▶ _PROMPT_:
Transcribe each line of the records below exactly, excluding any embedded images.

-------- DATA FOR THIS EXERCISE --------

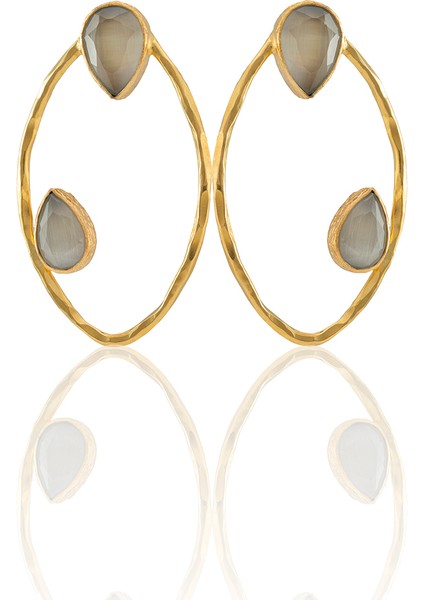 22 Ayar Altın Kaplama Geometrik Küpe -El Işçiliği ve Hipoalerjenik Küpe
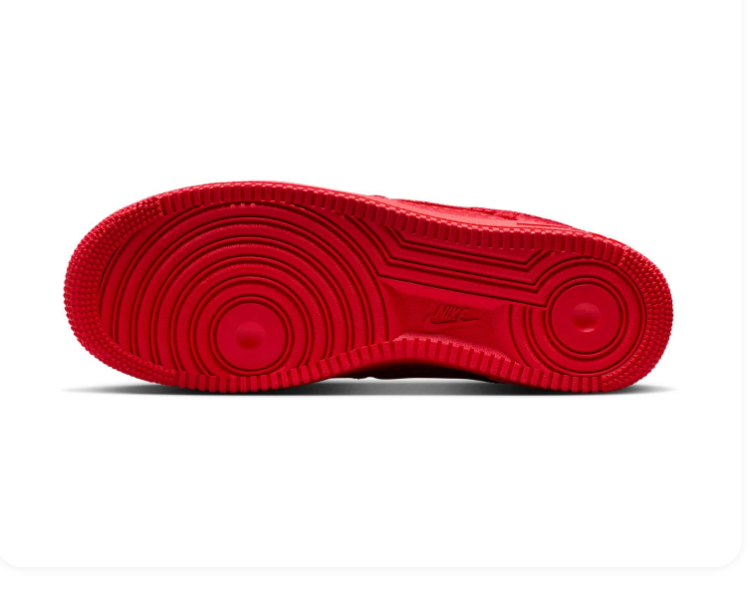 Nike Air Force 1 Low '07 'Triple Red' All-Red Perforated Suede Tonal University Red Bold Statement AF1 Sneakers
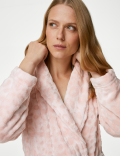 Fleece Leopard Print Long Dressing Gown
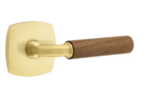 Emtek R-Bar Dark Walnut 5316 Select Brass Passage Leverset with Urban Modern Rosette for Left Handed Doors product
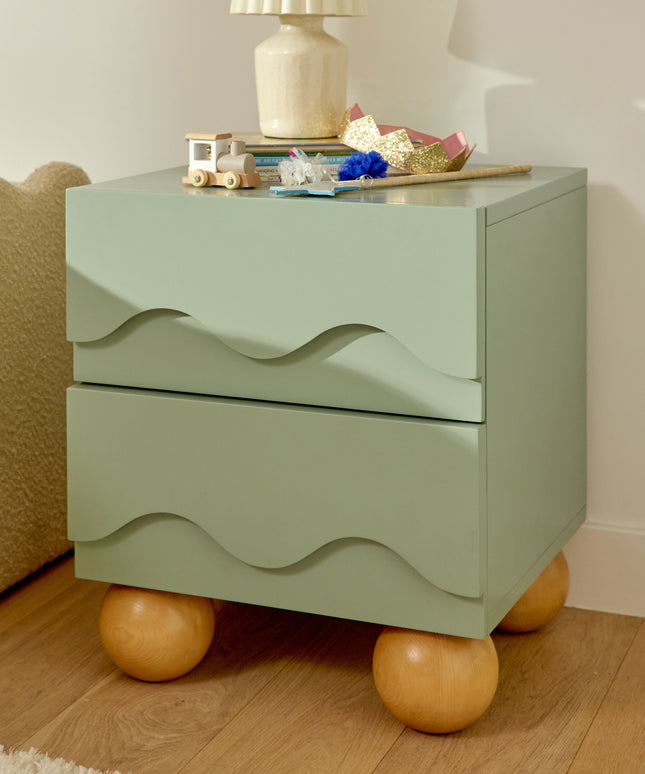 M31160LSHY,Babyletto Kids,Lido Wave Nightstand in Light Sage and Honey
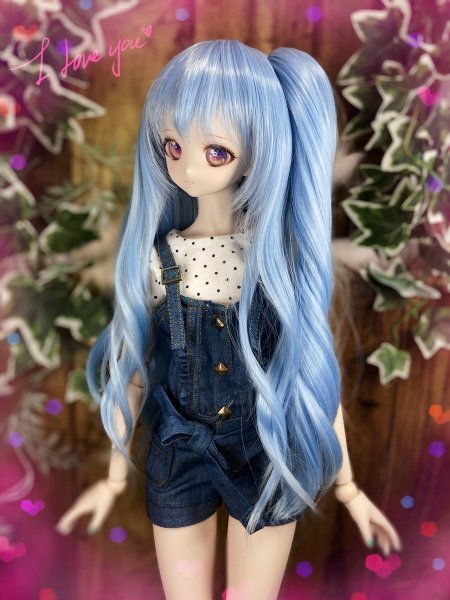 ●ドールウィッグ＊プレミアムツインカール＊スノーブルー＊9～9.5インチ（MDD/DD/SD/SmartDollなど）●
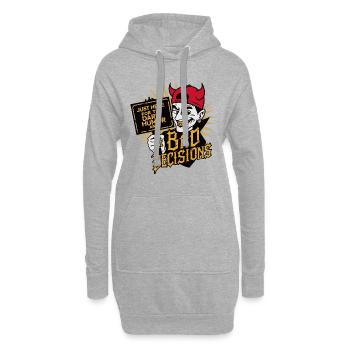 Schwarzer Humor und schlechte Entscheidungen Lustiges Teufelsdesign - Hoodie-Kleid - Grau meliert - Vorne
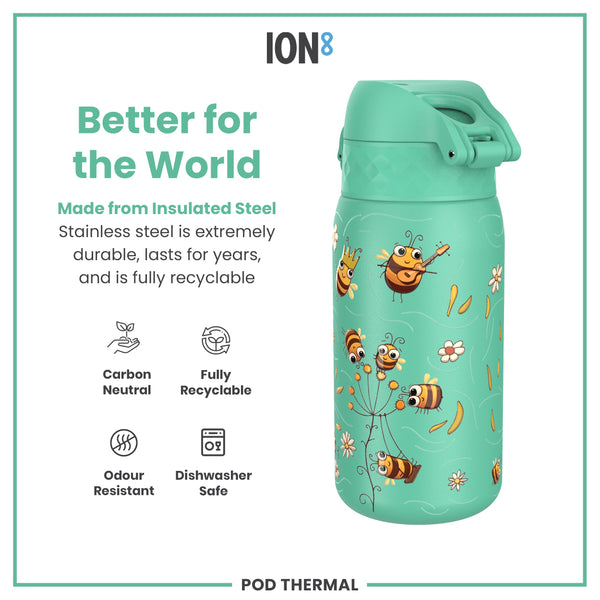 Botella de Agua Térmica de Acero Inoxidable antifugas, Aislada, Abejas, 320ml (11oz)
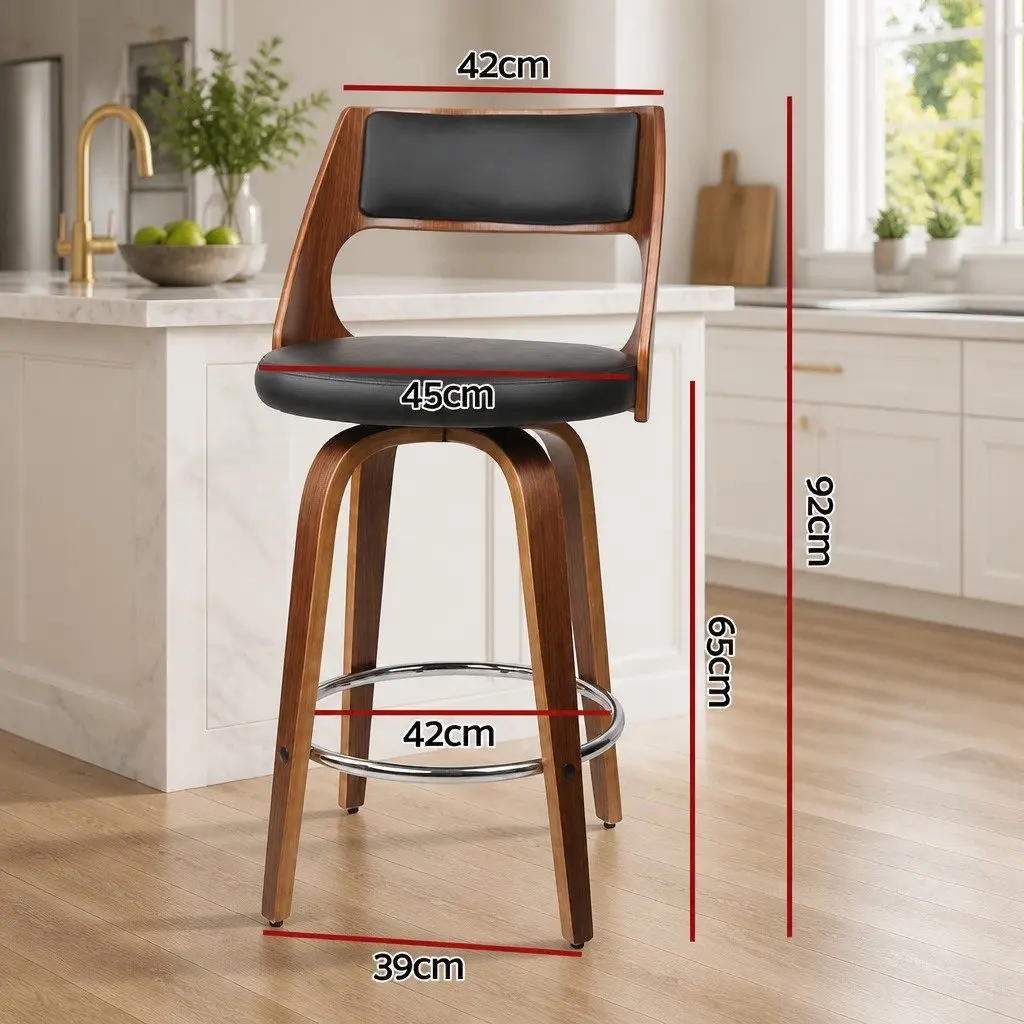 Bar Stools Swivel Chair 92cm Height Black Padded Seat Wooden Legs Chrome Footrest Set of 4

--------

▶ _ANSWER SPACE_:
 22 Ayar Altın Kaplama Geometrik Küpe -El Işçiliği ve Hipoalerjenik Küpe
 Nike Air Force 1 Low '07 'Triple Red' All-Red Perforated Suede Tonal University Red Bold Statement AF1 Sneakers
 Fleece Leopard Print Long Dressing Gown
 Emtek R-Bar Dark Walnut 5316 Select Brass Passage Leverset with Urban Modern Rosette for Left Handed Doors product
 M31160LSHY,Babyletto Kids,Lido Wave Nightstand in Light Sage and Honey
 ●ドールウィッグ＊プレミアムツインカール＊スノーブルー＊9～9.5インチ（MDD/DD/SD/SmartDollなど）●
 Schwarzer Humor und schlechte Entscheidungen Lustiges Teufelsdesign - Hoodie-Kleid - Grau meliert - Vorne
 Botella de Agua Térmica de Acero Inoxidable antifugas, Aislada, Abejas, 320ml (11oz)
 Bar Stools Swivel Chair 92cm Height Black Padded Seat Wooden Legs Chrome Footrest Set of 4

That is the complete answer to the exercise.